* Material for the task *

..............................

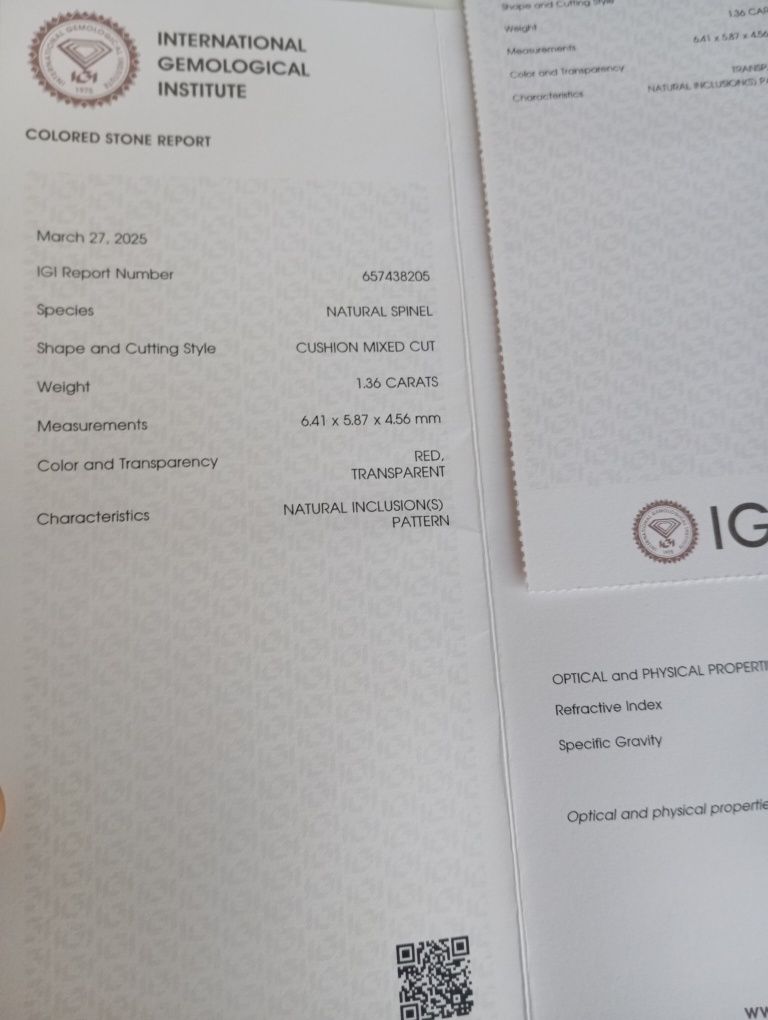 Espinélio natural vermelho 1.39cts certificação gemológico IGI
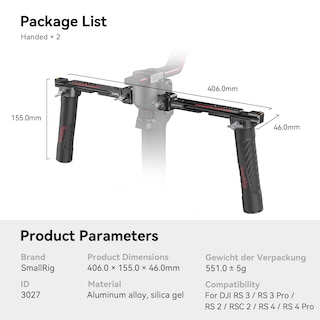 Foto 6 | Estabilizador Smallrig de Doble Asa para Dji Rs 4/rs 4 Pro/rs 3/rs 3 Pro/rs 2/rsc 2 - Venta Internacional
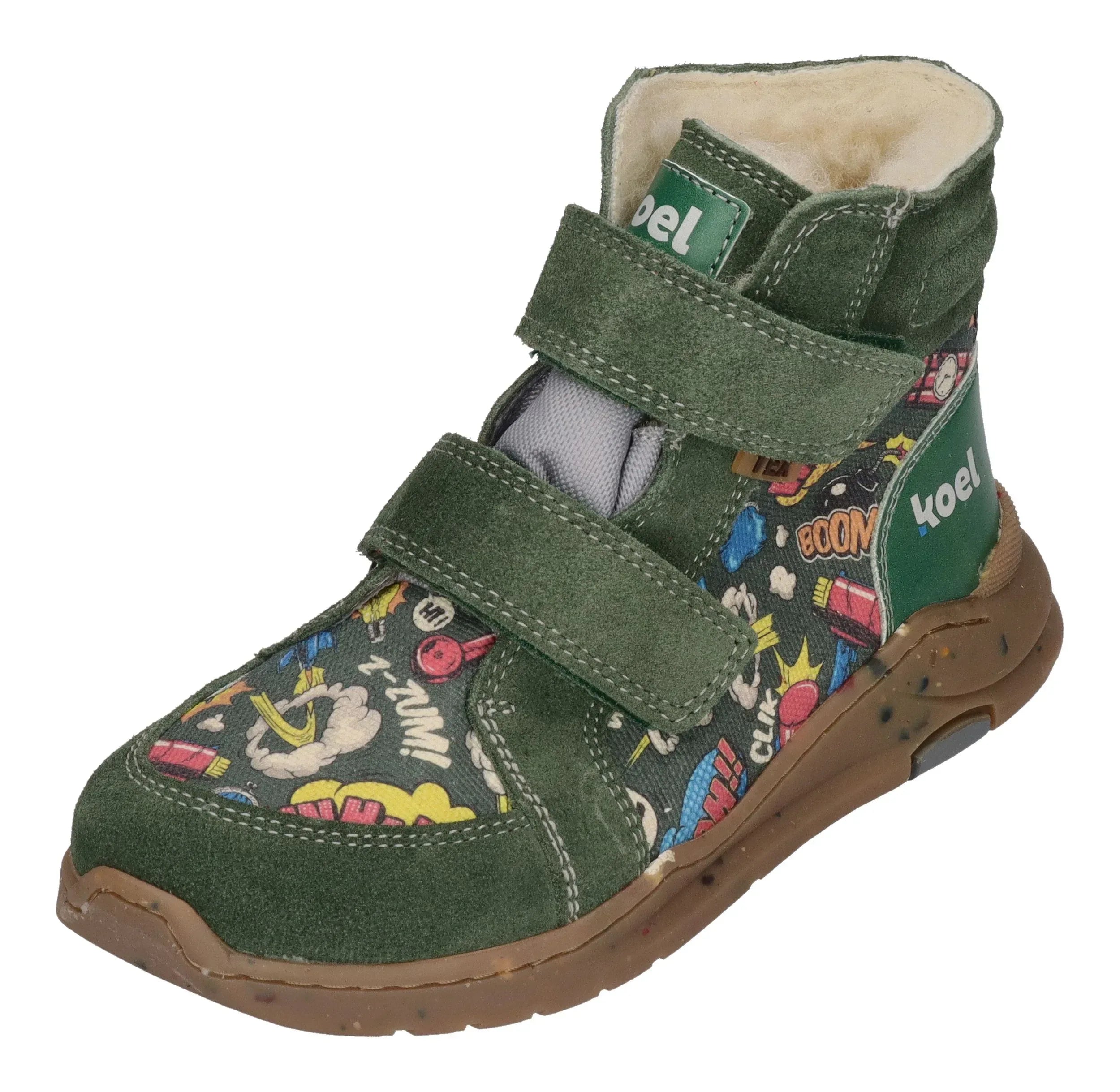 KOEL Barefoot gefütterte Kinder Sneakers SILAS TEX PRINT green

..............................

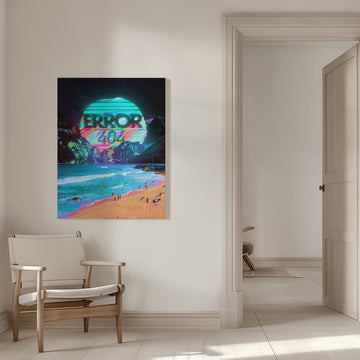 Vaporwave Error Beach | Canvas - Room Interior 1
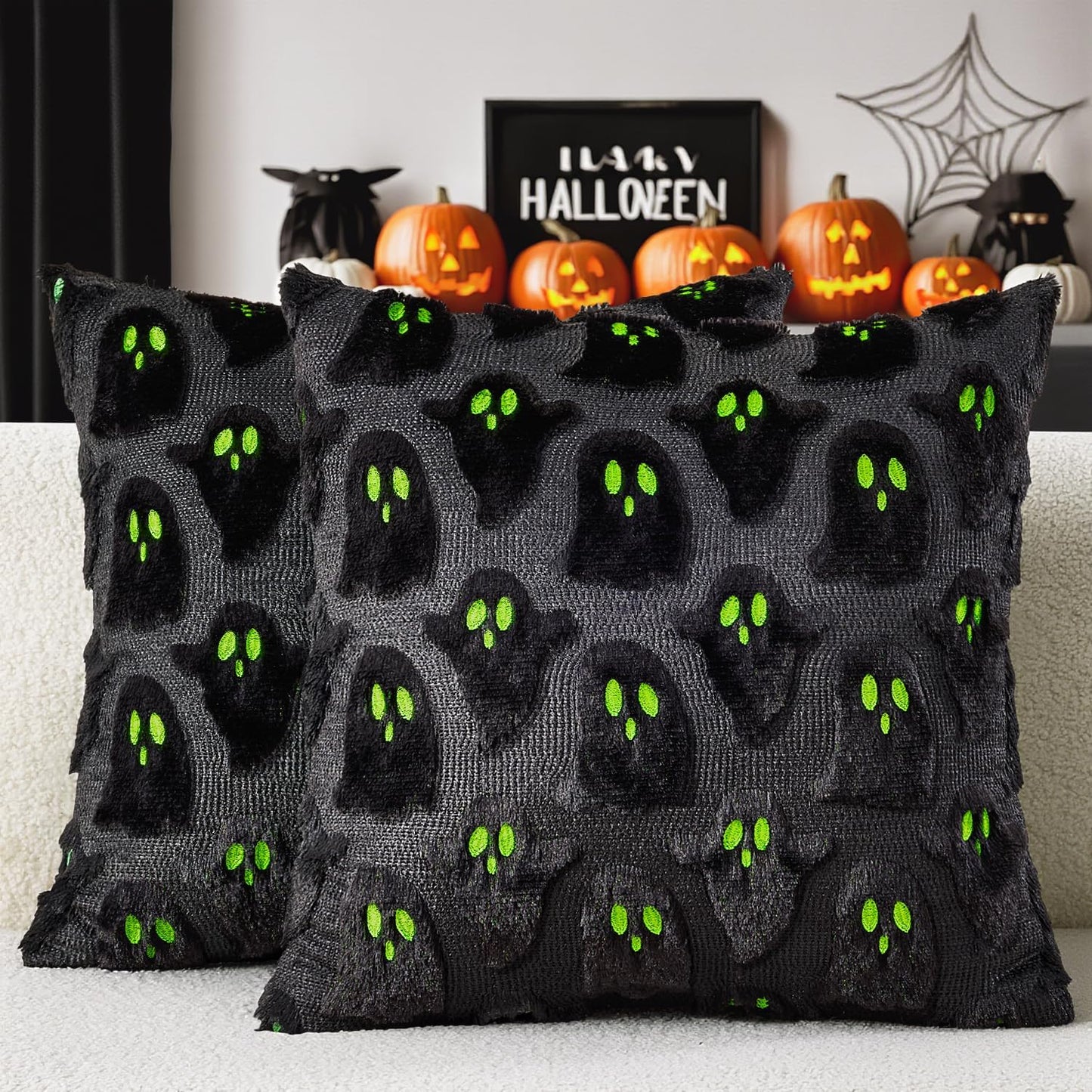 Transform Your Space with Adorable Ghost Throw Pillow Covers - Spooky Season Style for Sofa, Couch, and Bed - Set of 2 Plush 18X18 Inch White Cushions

..............................

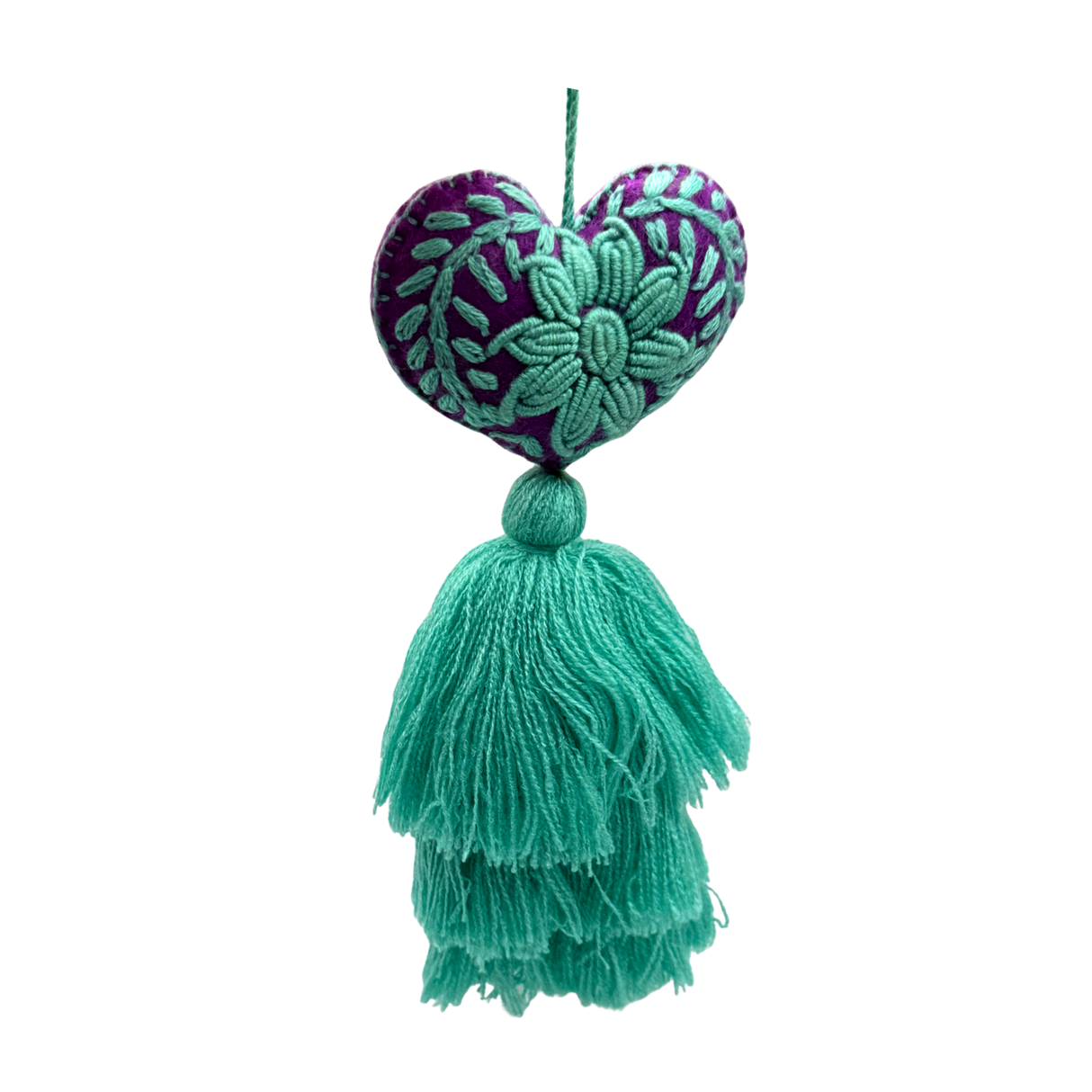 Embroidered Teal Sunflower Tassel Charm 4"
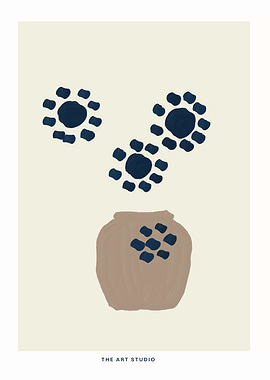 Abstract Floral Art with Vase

..............................

* Aim of the exercise *
Only the lines above from the one containing "Espinélio natural vermelho" through the one containing "KOEL Barefoot gefütterte" should be returned, verbatim and inclusive, with pictures excluded.

* Response to this task *
 Espinélio natural vermelho 1.39cts certificação gemológico IGI
 Foto 6 | Estabilizador Smallrig de Doble Asa para Dji Rs 4/rs 4 Pro/rs 3/rs 3 Pro/rs 2/rsc 2 - Venta Internacional
 KOEL Barefoot gefütterte Kinder Sneakers SILAS TEX PRINT green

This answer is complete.